Using the below steps, create a workaround bashoperator job which will prevent this error from occurring. This job will keep running indefinitely as part of the workaround and should not be killed.
  1. Navigate to the Cloudera Data Engineering Overview page by clicking the Data Engineering tile in the Cloudera Data Platform (CDP) console.
  2. In the CDE Services column, select the service containing the virtual cluster where you want to create the job.
  3. In the Virtual Clusters column on the right, click the View Jobs icon on the virtual cluster where you want to create the job.
  4. In the left hand menu, click Jobs.
  5. Click Create Job.
  6. Provide the job details:
    1. Select Airflow for the job type.
    2. Specify the job name as bashoperator-job.
    3. Save the following python script to attach it as a DAG file.

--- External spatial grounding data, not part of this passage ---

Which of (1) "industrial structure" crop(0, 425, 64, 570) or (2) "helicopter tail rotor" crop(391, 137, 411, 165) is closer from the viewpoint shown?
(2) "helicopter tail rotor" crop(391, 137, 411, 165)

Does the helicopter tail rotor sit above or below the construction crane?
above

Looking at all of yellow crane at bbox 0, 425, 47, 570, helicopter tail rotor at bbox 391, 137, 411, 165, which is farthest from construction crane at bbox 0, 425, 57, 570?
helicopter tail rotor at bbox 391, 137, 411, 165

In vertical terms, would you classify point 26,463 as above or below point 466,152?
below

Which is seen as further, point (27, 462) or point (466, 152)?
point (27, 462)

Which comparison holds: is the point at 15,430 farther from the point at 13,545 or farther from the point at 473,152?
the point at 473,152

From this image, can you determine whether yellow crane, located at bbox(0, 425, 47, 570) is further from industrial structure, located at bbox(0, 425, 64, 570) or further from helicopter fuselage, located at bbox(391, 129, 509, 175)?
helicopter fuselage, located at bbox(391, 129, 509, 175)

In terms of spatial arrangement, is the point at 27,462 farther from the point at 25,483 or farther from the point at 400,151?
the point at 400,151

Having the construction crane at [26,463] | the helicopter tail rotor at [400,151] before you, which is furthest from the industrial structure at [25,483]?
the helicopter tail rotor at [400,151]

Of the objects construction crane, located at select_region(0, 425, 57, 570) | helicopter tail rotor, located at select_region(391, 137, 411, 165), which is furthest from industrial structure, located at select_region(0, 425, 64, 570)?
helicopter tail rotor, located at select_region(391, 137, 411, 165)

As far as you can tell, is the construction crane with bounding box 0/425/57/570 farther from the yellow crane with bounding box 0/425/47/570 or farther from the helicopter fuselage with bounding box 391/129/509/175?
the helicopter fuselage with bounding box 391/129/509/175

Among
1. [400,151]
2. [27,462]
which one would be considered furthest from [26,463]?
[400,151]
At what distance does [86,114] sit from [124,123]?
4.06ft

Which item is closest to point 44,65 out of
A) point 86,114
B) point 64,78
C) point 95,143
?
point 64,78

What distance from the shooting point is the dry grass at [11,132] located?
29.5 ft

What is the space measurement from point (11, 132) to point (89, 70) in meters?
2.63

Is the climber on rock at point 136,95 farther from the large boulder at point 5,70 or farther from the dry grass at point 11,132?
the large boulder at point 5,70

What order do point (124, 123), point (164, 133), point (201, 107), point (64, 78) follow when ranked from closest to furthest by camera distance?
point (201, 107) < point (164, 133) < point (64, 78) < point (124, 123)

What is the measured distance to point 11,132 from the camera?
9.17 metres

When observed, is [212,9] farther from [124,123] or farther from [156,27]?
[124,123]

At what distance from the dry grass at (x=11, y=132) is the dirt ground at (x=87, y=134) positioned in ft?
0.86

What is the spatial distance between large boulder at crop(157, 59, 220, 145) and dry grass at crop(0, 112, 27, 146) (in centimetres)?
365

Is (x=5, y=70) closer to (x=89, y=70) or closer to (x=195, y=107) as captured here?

      from dateutil import parser
      from airflow import DAG
      from airflow.utils import timezone
      from airflow.operators.bash_operator import BashOperator
      default_args = {
         'depends_on_past': False,
      }
      with DAG(
         'bashoperator-job',
         default_args = default_args,
         start_date = parser.isoparse('2022-06-17T23:52:00.123Z').replace(tzinfo=timezone.utc),
         schedule_interval = None,
         is_paused_upon_creation = False
         ) as dag:
          [ BashOperator(task_id = 'task1', bash_command = 'sleep infinity'),
          BashOperator(task_id = 'task2', bash_command = 'sleep infinity') ]
    4. Select File, click Select a file to upload the above python, and select a file from an existing resource.
  7. Select the Python Version, and optionally select a Python Environment.
  8. Click Create and Run.
DEX-7001: When Airflow jobs are run, the privileges of the user who created the job is applied and not the user who submitted the job.
Irrespective of who submits the Airflow job, the Airflow job is run with the user privileges who created the job. This causes issues when the job submitter has lesser privileges than the job owner who has higher privileges.
Spark and Airflow jobs must be created and run by the same user.
Changing LDAP configuration after installing CDE breaks authentication
If you change the LDAP configuration after installing CDE, as described in Configuring LDAP authentication for CDP Private Cloud, authentication no longer works.
Re-install CDE after making any necessary changes to the LDAP configuration.
HDFS is the default filesystem for all resource mounts
For any jobs that use local filesystem paths as arguments to a Spark job, explicitly specify file:// as the scheme. For example, if your job uses a mounted resource called test-resource.txt, in the job definition, you would typically refer to it as /app/mount/test-resource.txt. In CDP Private Cloud, this should be specified as file:///app/mount/test-resource.txt.
Scheduling jobs with URL references does not work
Scheduling a job that specifies a URL reference does not work.
Use a file reference or create a resource and specify it

Limitations

Access key-based authentication will not be enabled in upgraded clusters prior to CDP PVC 1.3.4 release.
After you upgrade to PVC 1.3.4 version from earlier versions, you must create the CDE Base service and Virtual Cluster again to use the new Access Key feature. Otherwise, the Access Key feature will not be supported in the CDE Base service created prior to the 1.3.4 upgrade.